Re: RFC: Rename the "UTF8" flag

Leon Timmermans
February 4, 2022 16:28
Re: RFC: Rename the “UTF8” flag
Message ID:
On Fri, Feb 4, 2022 at 4:42 PM Felipe Gasper <>

> > On Feb 4, 2022, at 09:31, Ricardo Signes <>
> wrote:
> >
> > On Thu, Feb 3, 2022, at 10:05 PM, Felipe Gasper wrote:
> >> Tony wrote:
> >> > The UTF8 flag does what it says on the box - indicates the PV is
> >> > encoded using (something like) UTF-8.
> >>
> >> Oof. If a pure-Perl user read that description, do you see how that
> person would reasonably reach for utf8::is_utf8()?
> >
> > Just to call out this one point:  I think that there's a distinction to
> be drawn between the SvUTF8 flag and utf8::is_utf8.  I get that it's nice
> to have "is-X" match the "X" flag, but I here, I think it's a bit of a
> complicated pain in the butt.
> >
> > That said, I also think that it's utf8::is_utf8 that leads to the mass
> of confusion.  Providing a "is this string stored in internal format A or
> B" builtin to use _instead_ is a better idea.  I would support something
> more like:
> >       • provide builtin::internal_string_format that returns 'blue' or
> 'green'
> >       • discourage using utf8::is_utf8, explaining "it's not what you
> think it is"
> >       • leave the SV flags how they are
> Would Internals:: suit it better, since the idea is that Perl applications
> shouldn’t normally use this?
> In that same vein, utf8::upgrade() and utf8::downgrade() could gainfully
> be renamed to, e.g., Internals::utf8_upgrade() and
> Internals::utf8_downgrade().
> I think utf8::is_utf8() is a symptom.
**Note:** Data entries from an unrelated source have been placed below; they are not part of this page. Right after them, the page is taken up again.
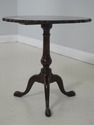71129: STICKLEY Pedestal Base Mahogany Lamp Table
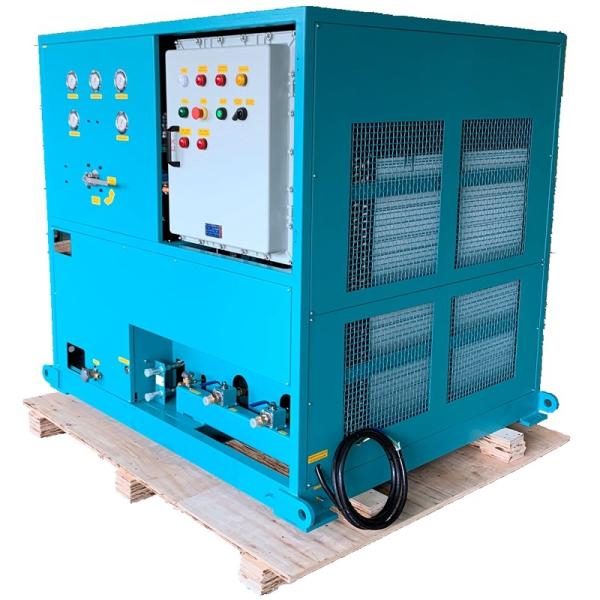 Máquina de recuperação de freão de fábrica OEM máquina de recarga de gás de carregamento de óleo menos ac 25HP máquina de recuperação de gás de tanque de velocidade rápida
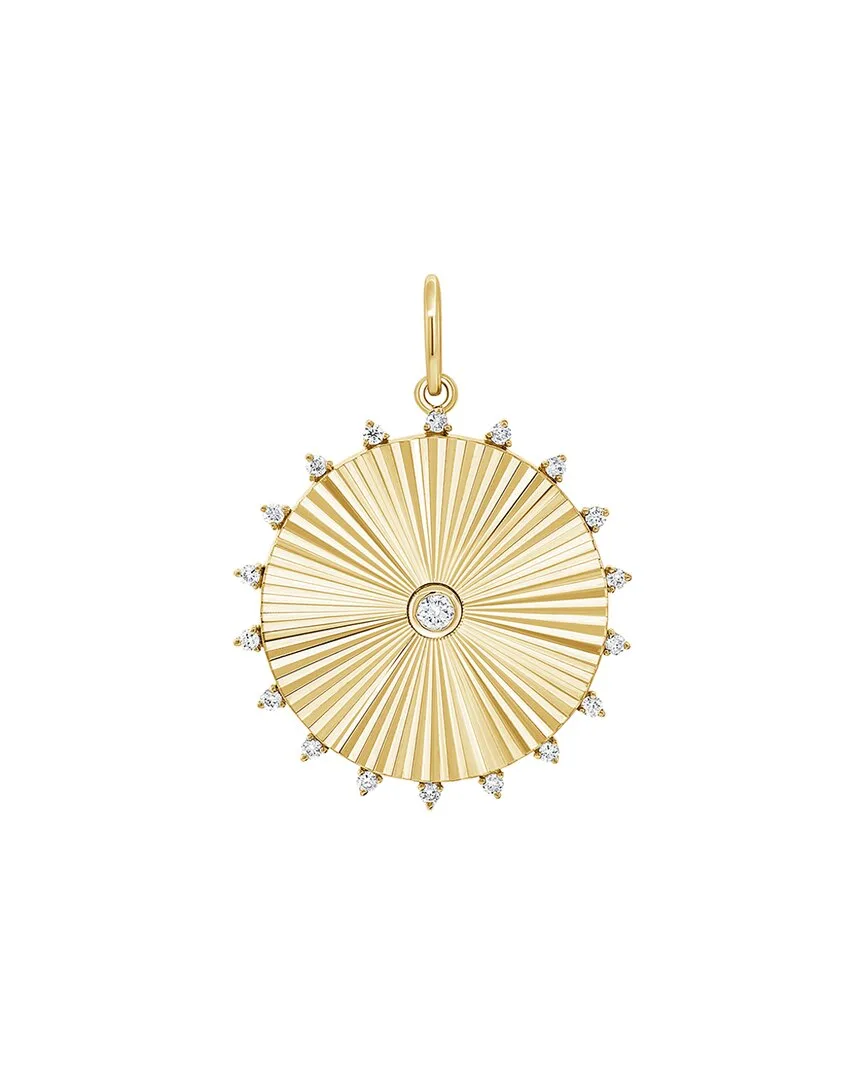 14K 0.21 ct. tw. Diamond Charm Pendant by Sabrina Designs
The root problem is the
> double-whammy that: a) pure-Perl applications *can* need to know Perl’s
> internals, and b) the same term is used for that internal encoding as for
> application-level encoding.
> From the pure-Perl side, Perl’s internals are only relevant nowadays
> because exec et al. pass the raw PV to the OS. Compare these:
> > perl -Mutf8 -e'print "é"' | xxd
> 00000000: e9
> > perl -Mutf8 -e'exec echo => "-n", "é"' | xxd
> 00000000: c3a9
> If we fixed *that*, via some new feature-bundle-included pragma, then Perl
> internals would no longer be relevant for pure-Perl devs. I have a PoC CPAN
> module, Sys::Binmode, that does this by utf8-downgrading all strings prior
> to giving them to the OS. What if Perl had something like `use
> syscall::encoding 'bytes'`?
> Yes, there’d still be old posts that talk about `use bytes` and what not,
> but we’d at least be able to say “modern Perl fixes all that; update, and
> be happy.” Right now we can’t, which makes explaining all of this stuff
> much trickier than IMO it should be. That complicates Perl advocacy in
> general, since one of Perl’s “claims to fame” is being a premier
> text-processing tool.

Internals:: is for the things that are deliberately not documented, and
comes with no guarantees of backwards compatibility. It is not appropriate
for any of the things we're discussing here.